15. The feed mechanism according to claim 14 wherein said drive stop is adjustably attached to said drive carriage and arranged so that when said actuator causes said drive carriage to undergo sliding movement in said feed direction, said drive carriage moves a finite first distance toward said follower carriage until said drive stop engages said follower carriage, wherein movement in said feed direction causes said angled feed surfaces of said first and second feed fingers to mutually move toward said first axis and into feeding engagement with said strip of products.

16. The feed mechanism according to claim 15 wherein said return stop is adjustably attached to said follower carriage and arranged so that when said actuator causes said drive carriage to undergo sliding movement in said return direction said drive carriage moves a finite second distance away from said follower carriage until said return stop engages said drive carriage, wherein movement in said return direction causes said angled feed surfaces of said first and second feed fingers to mutually move away from said first axis and out of feeding engagement with said strip of products.

17. The feed mechanism according to claim 16 wherein said finite first distance equals said finite second distance.

18. The feed mechanism according to claim 17 including a carriage drag coupled to said frame and arranged to cause said follower carriage to resist undergoing sliding movement along said first axis until a minimum force is applied through one of either said feed stop and said return stop to said follower carriage to overcome the resistance and cause said follower carriage to undergo sliding movement along said first axis.

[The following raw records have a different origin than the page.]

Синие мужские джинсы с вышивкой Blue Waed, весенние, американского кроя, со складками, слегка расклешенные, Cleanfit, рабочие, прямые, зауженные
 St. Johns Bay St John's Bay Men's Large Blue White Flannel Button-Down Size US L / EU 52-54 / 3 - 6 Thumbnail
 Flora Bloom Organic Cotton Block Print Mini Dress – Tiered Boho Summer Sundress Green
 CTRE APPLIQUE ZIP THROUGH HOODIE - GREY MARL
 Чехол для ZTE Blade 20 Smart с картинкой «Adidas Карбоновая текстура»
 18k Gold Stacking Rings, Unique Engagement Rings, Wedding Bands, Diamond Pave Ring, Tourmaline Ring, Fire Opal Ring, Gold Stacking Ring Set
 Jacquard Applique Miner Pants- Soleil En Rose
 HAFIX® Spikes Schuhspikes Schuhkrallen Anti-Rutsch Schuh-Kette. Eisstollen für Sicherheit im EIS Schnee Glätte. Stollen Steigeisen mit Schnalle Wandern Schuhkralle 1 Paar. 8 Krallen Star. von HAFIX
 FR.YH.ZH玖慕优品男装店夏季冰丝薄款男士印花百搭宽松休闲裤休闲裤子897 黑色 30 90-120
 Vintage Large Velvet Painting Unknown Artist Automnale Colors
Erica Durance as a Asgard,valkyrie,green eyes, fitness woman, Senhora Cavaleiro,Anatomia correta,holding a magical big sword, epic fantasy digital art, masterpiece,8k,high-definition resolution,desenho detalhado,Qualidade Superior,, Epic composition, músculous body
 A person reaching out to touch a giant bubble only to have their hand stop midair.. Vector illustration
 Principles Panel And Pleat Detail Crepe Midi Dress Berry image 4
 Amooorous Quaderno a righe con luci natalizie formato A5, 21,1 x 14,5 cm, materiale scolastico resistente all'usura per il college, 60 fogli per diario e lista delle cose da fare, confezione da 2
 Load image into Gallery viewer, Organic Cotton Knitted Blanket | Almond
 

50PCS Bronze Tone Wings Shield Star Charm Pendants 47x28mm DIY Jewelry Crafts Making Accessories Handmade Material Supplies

19. The feed mechanism according to claim 16 wherein said return stop is adjustable so that when said angled feed surfaces of said first and second feed fingers mutually move out of feeding engagement with said strip of products, said first and second feed fingers are spaced from said strip of products during all of the movement of said follower carriage in said return direction.

20. The machine according to claim 10 wherein movement of said feed fingers into feeding engagement is movement perpendicular to said first axis.